Resets a vector of CircuitNodes.

reset!(psum::PauliSum{TermType, NodePathProperties})

Reset the nodes in a the Surrogate. Needs to be done in-between evaluatios with different parameters.

apply(gate::CliffordGate, pstr::PauliStringType, coeff::NodePathProperties)

Apply a CliffordGate to an integer Pauli string and NodePathProperties coefficient.

propagate!(circ, psum::PauliSum{PauliStringType,NodePathProperties}; max_weight=Inf, max_freq=Inf, max_sins=Inf, customtruncfunc=nothing, kwargs...)

Construct a Pauli propagation surrogate of the propagated PauliSum through the circuit circ in the Heisenberg picture. The PauliSum psum is modified in place. The circuit must only contain CliffordGates and PauliRotations. It is applied to the Pauli sum in reverse order, and the action of each gate is its conjugate action. The input psum will be modified. Default truncations are max_weight, max_freq, and max_sins. A custom truncation function can be passed as customtruncfunc with the signature customtruncfunc(pstr::PauliStringType, coefficient)::Bool. Further kwargs are passed to the lower-level functions applymergetruncate!, applytoall!, applyandadd!, and apply.

propagate(circ, pstr::PauliString{PauliStringType,NodePathProperties}; max_weight=Inf, max_freq=Inf, max_sins=Inf, customtruncfunc=nothing, kwargs...)

Construct a Pauli propagation surrogate of the propagated PauliString through the circuit circ in the Heisenberg picture. The circuit must only contain CliffordGates and PauliRotations. It is applied to the Pauli string in reverse order, and the action of each gate is its conjugate action. Default truncations are max_weight, max_freq, and max_sins. A custom truncation function can be passed as customtruncfunc with the signature customtruncfunc(pstr::PauliStringType, coefficient)::Bool. Further kwargs are passed to the lower-level functions applymergetruncate!, applytoall!, applyandadd!, and apply.

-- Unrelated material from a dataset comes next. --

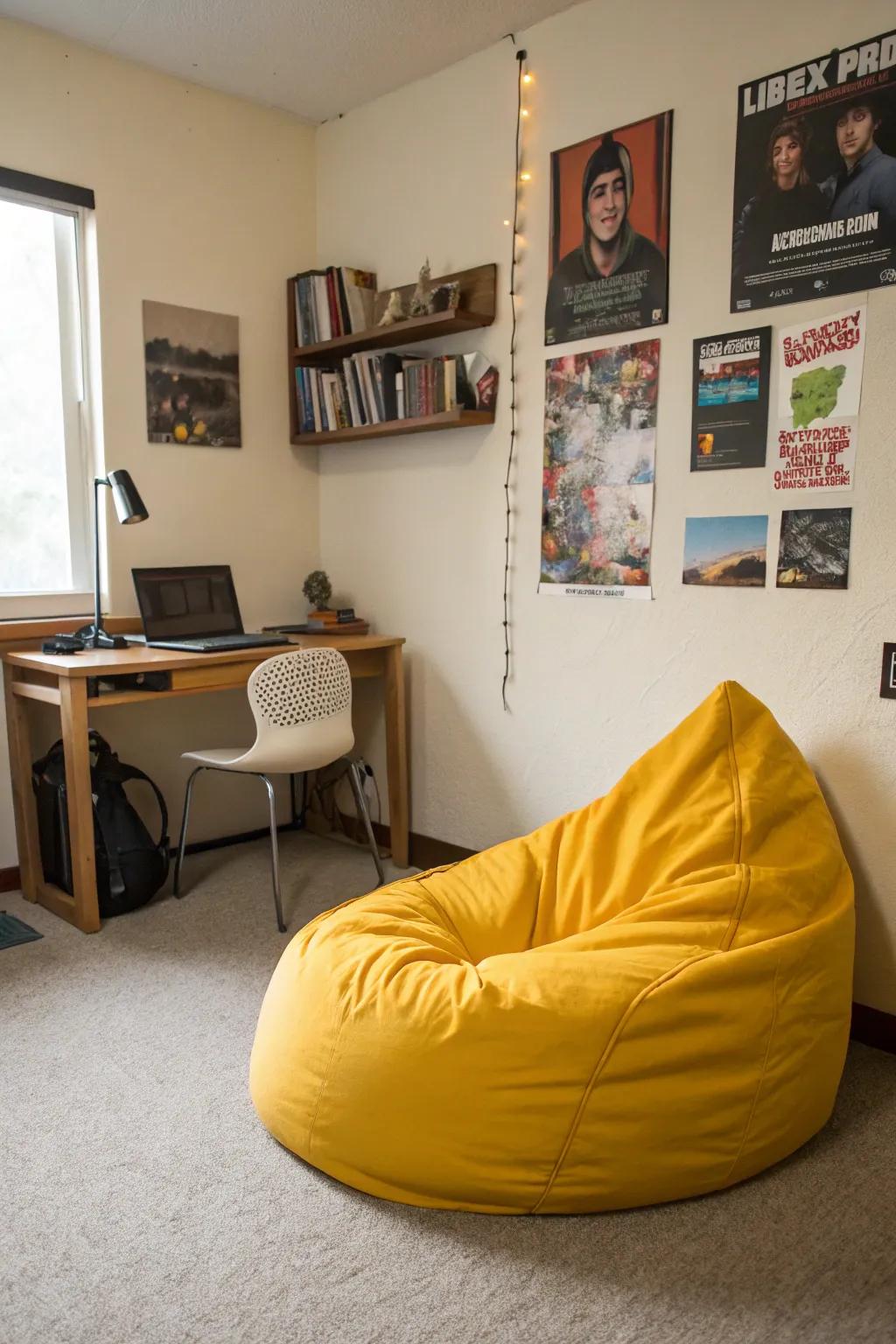 A yellow beanbag offers a fun and functional seating option.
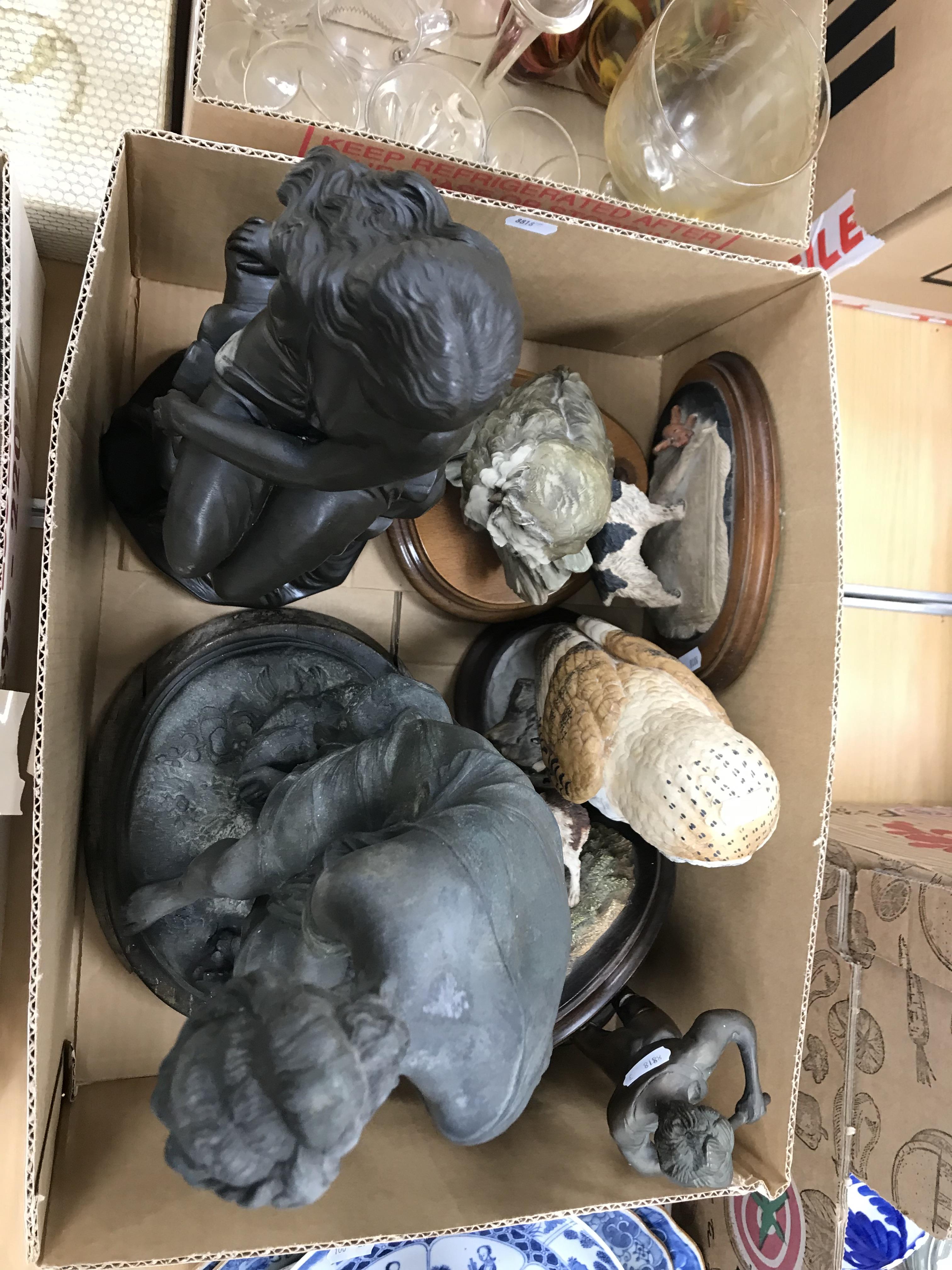 Two boxes of sundry decorative items to include a large collection of decorative stone eggs - Image 2 of 2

propagate(circ, psum::PauliSum{PauliStringType,NodePathProperties}; max_weight=Inf, max_freq=Inf, max_sins=Inf, customtruncfunc=nothing, kwargs...)

Construct a Pauli propagation surrogate of the propagated PauliSum through the circuit circ in the Heisenberg picture. The circuit must only contain CliffordGates and PauliRotations. It is applied to the Pauli sum in reverse order, and the action of each gate is its conjugate action. Default truncations are max_weight, max_freq, and max_sins. A custom truncation function can be passed as customtruncfunc with the signature customtruncfunc(pstr::PauliStringType, coefficient)::Bool. Further kwargs are passed to the lower-level functions applymergetruncate!, applytoall!, applyandadd!, and apply.